Even the one hour of sleep lost each spring during the transition to Daylight Saving Time apparently reduces people’s tendency to help others, the study said. It was found average donations to one nonprofit organization in the United States dropped by an estimated 10 percent in the week after the time switch — compared to the four weeks before and after the time change. In addition, donations to the nonprofit remained unchanged during the same period in the states Arizona and Hawaii, where Daylight Saving Time in not observed.
With a majority of people living in parts of the developed world reporting they often don’t get enough sleep, the research findings have implications that go far beyond whether a person feels like supporting a charity.
“Lack of sleep shapes the social experiences we have…the kinds of societies we live in,” said neuroscientist Eti Ben Simon of the University of California, Berkeley, one of the study’s primary researchers.
The study team brought 23 young adults into a lab for two nights, with the participants sleeping through one night and staying awake for the second.
In the mornings, the participants completed a standardized questionnaire that asked them to rater their likelihood of helping strangers or acquaintances in various scenarios, on a scale from 1 to 5, with 1 for least likely to help and 5 for very likely.

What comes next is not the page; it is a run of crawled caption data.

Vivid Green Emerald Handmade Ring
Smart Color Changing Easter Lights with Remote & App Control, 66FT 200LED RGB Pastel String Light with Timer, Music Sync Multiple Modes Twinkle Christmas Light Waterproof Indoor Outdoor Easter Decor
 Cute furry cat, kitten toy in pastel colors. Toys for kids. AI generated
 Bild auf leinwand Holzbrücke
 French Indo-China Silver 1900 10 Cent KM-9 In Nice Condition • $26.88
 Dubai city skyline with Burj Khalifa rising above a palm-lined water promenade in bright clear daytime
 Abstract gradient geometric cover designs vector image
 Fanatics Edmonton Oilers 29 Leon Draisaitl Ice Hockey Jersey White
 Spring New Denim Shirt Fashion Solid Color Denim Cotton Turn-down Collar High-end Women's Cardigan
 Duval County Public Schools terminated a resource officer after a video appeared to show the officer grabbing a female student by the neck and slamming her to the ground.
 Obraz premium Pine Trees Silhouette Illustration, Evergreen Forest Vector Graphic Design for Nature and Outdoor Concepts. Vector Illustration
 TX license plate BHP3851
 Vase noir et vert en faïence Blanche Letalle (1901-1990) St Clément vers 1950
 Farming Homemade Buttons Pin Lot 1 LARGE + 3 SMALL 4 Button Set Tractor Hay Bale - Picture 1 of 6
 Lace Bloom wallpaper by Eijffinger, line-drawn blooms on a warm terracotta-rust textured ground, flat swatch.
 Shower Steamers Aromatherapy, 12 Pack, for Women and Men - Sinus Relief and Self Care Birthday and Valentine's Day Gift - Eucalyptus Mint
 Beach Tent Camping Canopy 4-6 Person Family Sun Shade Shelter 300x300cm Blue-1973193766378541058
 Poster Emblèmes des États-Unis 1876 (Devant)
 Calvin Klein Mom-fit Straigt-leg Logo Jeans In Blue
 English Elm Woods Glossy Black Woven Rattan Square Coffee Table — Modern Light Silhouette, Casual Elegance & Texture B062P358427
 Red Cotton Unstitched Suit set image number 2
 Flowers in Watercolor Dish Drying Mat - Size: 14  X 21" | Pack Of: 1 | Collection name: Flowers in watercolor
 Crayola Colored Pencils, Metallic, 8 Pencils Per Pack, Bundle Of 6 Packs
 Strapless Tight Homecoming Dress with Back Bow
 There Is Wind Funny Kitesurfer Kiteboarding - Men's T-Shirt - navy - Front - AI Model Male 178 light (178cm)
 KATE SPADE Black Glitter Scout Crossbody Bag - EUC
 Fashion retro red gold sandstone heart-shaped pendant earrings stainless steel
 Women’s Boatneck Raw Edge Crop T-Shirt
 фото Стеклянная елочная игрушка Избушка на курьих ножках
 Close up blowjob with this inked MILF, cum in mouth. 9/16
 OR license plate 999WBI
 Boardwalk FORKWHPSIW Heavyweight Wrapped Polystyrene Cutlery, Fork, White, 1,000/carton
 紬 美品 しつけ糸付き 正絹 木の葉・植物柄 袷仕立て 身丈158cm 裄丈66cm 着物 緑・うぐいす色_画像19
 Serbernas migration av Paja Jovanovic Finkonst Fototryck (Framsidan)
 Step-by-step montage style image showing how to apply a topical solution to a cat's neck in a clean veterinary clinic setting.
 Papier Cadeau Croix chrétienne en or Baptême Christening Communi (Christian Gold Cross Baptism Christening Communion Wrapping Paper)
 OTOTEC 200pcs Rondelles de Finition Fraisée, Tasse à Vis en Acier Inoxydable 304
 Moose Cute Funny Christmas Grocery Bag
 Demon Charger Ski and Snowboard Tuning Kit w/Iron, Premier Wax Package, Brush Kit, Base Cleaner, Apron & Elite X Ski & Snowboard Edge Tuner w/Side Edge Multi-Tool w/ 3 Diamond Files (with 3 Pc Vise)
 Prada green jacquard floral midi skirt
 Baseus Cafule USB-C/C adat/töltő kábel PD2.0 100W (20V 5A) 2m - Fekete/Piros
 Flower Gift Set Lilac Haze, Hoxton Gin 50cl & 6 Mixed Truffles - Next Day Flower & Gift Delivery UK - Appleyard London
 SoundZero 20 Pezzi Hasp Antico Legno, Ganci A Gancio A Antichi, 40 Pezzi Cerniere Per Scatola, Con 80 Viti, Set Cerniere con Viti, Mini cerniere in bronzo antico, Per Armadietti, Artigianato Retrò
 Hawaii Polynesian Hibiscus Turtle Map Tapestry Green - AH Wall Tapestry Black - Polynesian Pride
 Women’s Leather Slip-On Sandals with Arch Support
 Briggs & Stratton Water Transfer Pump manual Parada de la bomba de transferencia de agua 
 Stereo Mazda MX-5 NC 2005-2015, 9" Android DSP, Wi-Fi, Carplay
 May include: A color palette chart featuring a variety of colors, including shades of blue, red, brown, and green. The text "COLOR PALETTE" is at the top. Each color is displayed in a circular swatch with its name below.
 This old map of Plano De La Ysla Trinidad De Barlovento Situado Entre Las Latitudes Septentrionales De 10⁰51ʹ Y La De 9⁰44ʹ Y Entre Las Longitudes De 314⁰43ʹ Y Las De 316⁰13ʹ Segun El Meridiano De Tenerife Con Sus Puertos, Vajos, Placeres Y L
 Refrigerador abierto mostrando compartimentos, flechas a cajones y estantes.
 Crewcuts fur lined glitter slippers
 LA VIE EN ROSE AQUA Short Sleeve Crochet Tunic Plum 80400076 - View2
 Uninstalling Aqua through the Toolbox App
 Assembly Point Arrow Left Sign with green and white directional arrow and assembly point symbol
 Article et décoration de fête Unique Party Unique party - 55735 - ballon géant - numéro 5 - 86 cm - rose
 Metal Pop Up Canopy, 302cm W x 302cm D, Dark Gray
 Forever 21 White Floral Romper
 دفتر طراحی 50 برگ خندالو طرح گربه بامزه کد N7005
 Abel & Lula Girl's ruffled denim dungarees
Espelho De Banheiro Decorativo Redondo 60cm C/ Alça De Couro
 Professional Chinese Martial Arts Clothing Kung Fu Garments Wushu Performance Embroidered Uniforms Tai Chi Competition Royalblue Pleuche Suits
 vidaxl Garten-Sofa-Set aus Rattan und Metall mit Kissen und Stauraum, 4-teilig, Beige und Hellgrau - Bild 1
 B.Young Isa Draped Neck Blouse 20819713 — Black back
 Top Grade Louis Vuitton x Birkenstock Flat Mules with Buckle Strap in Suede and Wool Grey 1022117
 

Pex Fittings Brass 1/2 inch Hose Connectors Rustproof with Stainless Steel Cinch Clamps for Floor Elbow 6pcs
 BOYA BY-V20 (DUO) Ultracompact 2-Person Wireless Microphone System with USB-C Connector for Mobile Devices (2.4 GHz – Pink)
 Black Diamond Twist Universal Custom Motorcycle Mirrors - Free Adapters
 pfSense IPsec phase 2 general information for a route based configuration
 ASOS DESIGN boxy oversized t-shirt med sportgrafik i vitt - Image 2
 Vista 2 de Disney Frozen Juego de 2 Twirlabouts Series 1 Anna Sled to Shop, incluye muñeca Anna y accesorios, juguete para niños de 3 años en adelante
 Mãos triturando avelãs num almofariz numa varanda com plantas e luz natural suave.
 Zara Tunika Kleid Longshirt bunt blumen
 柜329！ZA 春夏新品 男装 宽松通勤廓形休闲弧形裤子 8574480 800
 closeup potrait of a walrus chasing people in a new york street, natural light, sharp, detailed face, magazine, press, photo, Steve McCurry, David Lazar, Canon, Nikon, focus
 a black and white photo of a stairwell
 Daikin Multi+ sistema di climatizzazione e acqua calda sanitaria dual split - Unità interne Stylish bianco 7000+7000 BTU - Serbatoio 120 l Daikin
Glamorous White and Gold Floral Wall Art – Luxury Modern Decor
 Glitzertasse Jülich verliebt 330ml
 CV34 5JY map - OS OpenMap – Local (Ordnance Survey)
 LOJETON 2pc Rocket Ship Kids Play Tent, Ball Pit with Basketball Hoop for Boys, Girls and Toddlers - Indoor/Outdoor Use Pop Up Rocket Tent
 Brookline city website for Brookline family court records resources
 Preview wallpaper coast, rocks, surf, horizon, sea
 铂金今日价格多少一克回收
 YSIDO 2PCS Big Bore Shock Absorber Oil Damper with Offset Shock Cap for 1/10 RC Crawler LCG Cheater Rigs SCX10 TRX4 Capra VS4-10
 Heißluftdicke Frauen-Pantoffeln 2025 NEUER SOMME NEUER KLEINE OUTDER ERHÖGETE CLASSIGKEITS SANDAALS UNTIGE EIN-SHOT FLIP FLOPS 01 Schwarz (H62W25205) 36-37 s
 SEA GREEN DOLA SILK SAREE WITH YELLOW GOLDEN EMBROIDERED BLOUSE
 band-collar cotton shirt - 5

The study subjects were asked things like, would they give up their seat on a bus to a stranger or offer a ride to a coworker. About 80 percent of the participants expressed less willingness to help others when they were sleep-deprived instead of when they were rested.
The researchers then observed the brain activity of the participants with an MRI scanner, comparing each participant’s neural activity when rested and sleep-deprived. Those readings showed sleep deprivation reduced activity in a network of brain regions linked to the ability to empathize with others.
For another experiment, the researchers recruited 136 participants online and had them keep a sleep log for four nights, with each participant completing an altruism questionnaire before 1 p.m. the next day. It was found the more time participants spent awake in bed, typically a sign of poor sleep, the lower their altruism scores. The drop in altruistic feelings was substantial in individual cases, but also when averaging scores across the group.
In the Daylight Saving Time experiment, researchers studied charitable donations from 2001 to 2016 to Donors Choose, a nonprofit that raises money for school projects across the United States. When the team excluded contributions from Hawaii and Arizona and very large donations, they saw that immediately following the time change, total donations dipped from an average $82 per day to about $73.
Ben Simon said the study confirmed chronic sleep deprivation in the modern world is a serious societal challenge. But, simply making sure you and the others in your life get more rest could make a big difference.. “If you think about promoting sleep and letting people get the sleep they need,” she said, “what an impact that could have on the societies we live in.”
Editor’s Note: This has public policy considerations, particularly with respect to the intermediate and long term future of society. With entitlement spending and the national debt rising to levels impossible to maintain, at some point reasonably soon the welfare state is going to need to be cut back and it will be important for voluntarism and charity to fill the gap for the truly needy among us – but a sleep-deprived and stressed-out nation is not prepared to meet the challenge. This must change.